William Adams Delano, FAIA

Year Awarded: 1953
Born: January 21, 1874; New York City, New York, USA
Died: 1960; New York,USA

Quote
There is as much that is new to be said in architecture today by a man of imagination who employs traditional motifs as there is in literature by an author, who, to express his thought, still employs the English language.


Projects

• 1940: Marine Art Terminal at La Guardia Airport, New York
• 1935: Ariel Rios Federal Building, Washington, D.C.
• 1933: Union Club, New York
• 1933: Pan American Airways System Terminal Building, Dinner Key in Miami
• 1931: Japanese Embassy, Washington, D.C.
• 1928: Chapin School, New York
• 1925: The Brook Club, New York
• 1924: Third Church of Christ, Scientist, New York
• 1924: 1040 Park Avenue, New York
• 1920: The Harold Pratt house, New York
• 1919: The Cutting Houses, New York
• 1916: Colony Club, New York
• 1915: Knickerbocker Club, New York
• 1913: Kykuit, for John D. Rockefeller, Sleepy Hollow, N.Y.
• 1910: Walters Art Gallery, Baltimore
• 1909: Barbey Building


Biography

William Delano spent his youth at the Lawrenceville Preparatory School and earned a bachelor's degree from Yale in 1895. He then studied architecture at Columbia University, graduating in 1899. He also studied at the School of Beaux-Arts in France, receiving his diploma there in 1902.

Delano met Chester Holmes Aldrich in the late 1890s and by 1903 formed a partnership that would last for the rest of Aldrich’s life. In their first year, they won commissions from a number of high-society families, including the Rockefellers. Together, they designed townhouses, country houses, clubs, and banks for New York’s elite.

From 1903 to 1910, Delano taught architecture at Columbia University. He was a member of the Commission on Fine Arts from 1924 to 1928, participating on the plan and design of Washington, D.C. From 1927 to 1929 he was the president of the American Society for Beaux-Arts Architects and from 1928 to 1930 he served as president of the AIA’s New York chapter.

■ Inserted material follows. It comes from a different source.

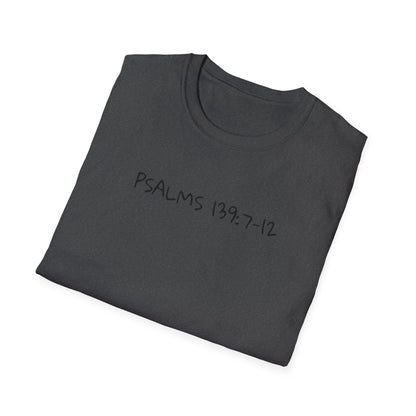 God is Bigger, Strong- Pslam 139:7-12 Tee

During the late 1930s, as country house work slowed, Delano & Aldrich received commissions for other public works projects, such as LaGuardia Airport. In 1939, Delano joined the planning board for the 1939 World’s Fair in New York. That year, he also earned a master’s degree from Yale.

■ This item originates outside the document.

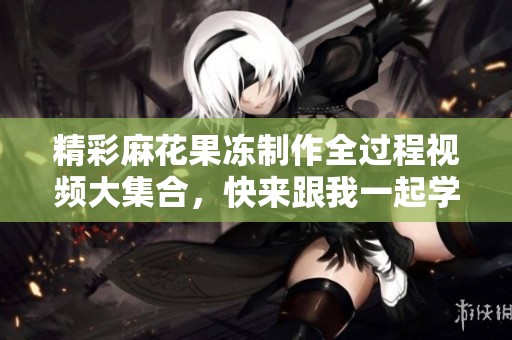 精彩麻花果冻制作全过程视频大集合，快来跟我一起学吧！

In 1940, Aldrich died, bringing an end to their illustrious partnership; Delano continued working nearly 20 more years. That year, he received the Gold Medal of the National Institute of Arts and Letters. In 1940, Delano also joined the Art Commission of the City of New York and served on the Commission for 14 years. From 1943 to 1947, he was the Art Commission’s vice president and from 1948 to 1952 he served as president.

From 1948, Delano consulted to the Commission of the Renovation of the White House, which was responsible for the White House restoration during President Truman’s term.

Delano and Aldrich were dedicated to classical architectural style, though expressed in creative and original manners; these attributes are reflected in their houses and public buildings.